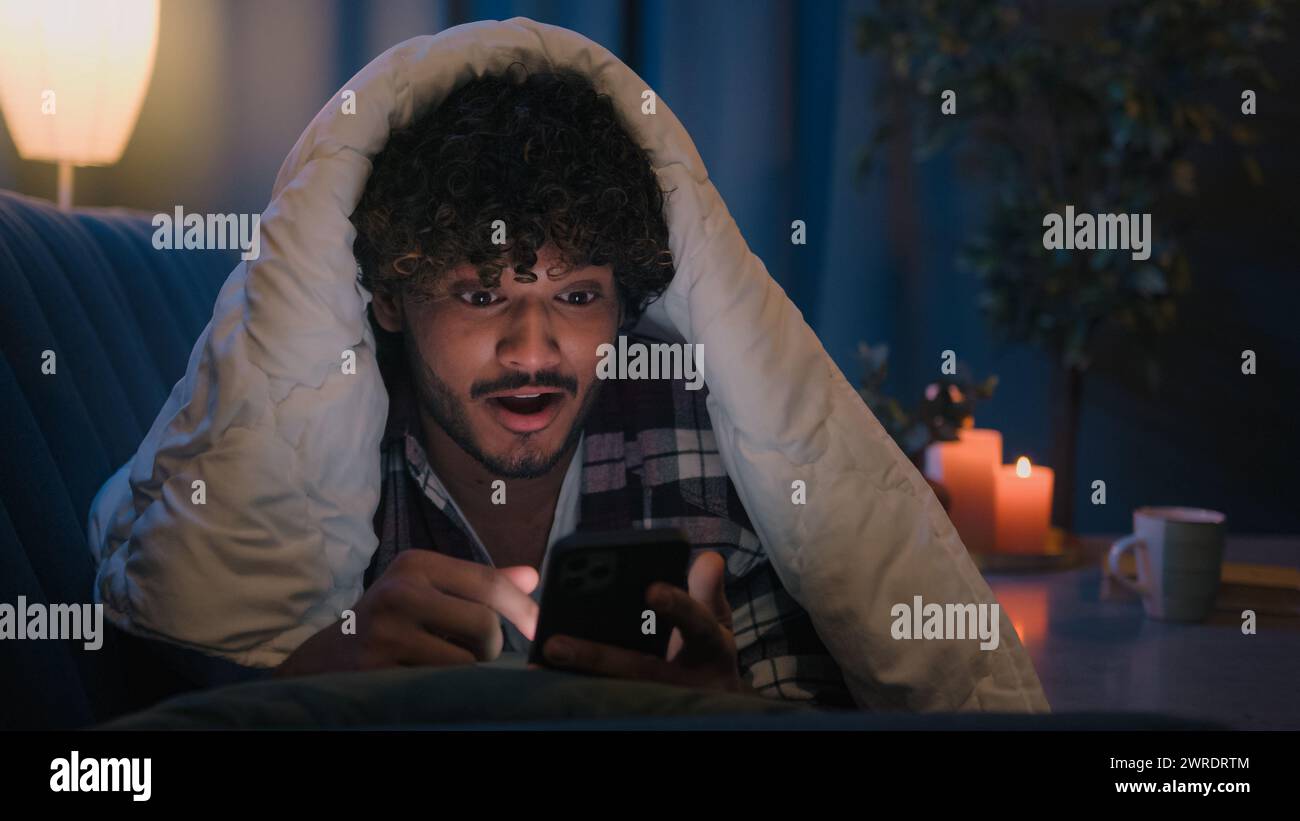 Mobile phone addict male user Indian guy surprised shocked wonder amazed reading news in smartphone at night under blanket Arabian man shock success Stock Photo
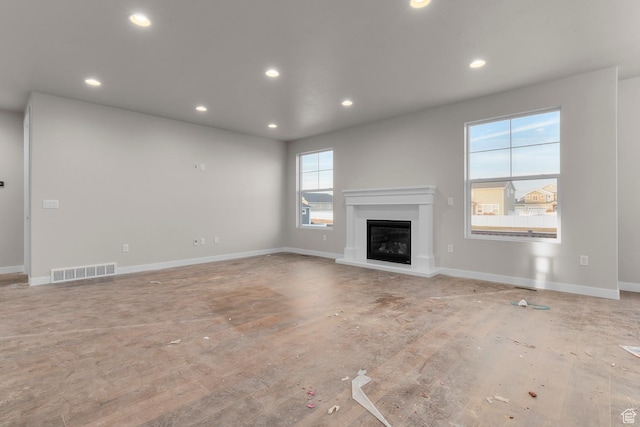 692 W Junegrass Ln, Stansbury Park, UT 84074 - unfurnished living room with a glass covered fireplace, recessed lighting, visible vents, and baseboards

--

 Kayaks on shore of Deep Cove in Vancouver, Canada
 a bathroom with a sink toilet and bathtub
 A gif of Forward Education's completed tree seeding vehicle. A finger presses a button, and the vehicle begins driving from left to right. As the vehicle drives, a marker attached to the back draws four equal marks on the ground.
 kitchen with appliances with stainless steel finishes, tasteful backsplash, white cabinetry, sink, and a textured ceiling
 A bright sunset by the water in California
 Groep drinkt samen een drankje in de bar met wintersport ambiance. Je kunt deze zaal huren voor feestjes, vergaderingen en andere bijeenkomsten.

--

Look above for every line with the word "sink" and copy it.

 a bathroom with a sink toilet and bathtub
 kitchen with appliances with stainless steel finishes, tasteful backsplash, white cabinetry, sink, and a textured ceiling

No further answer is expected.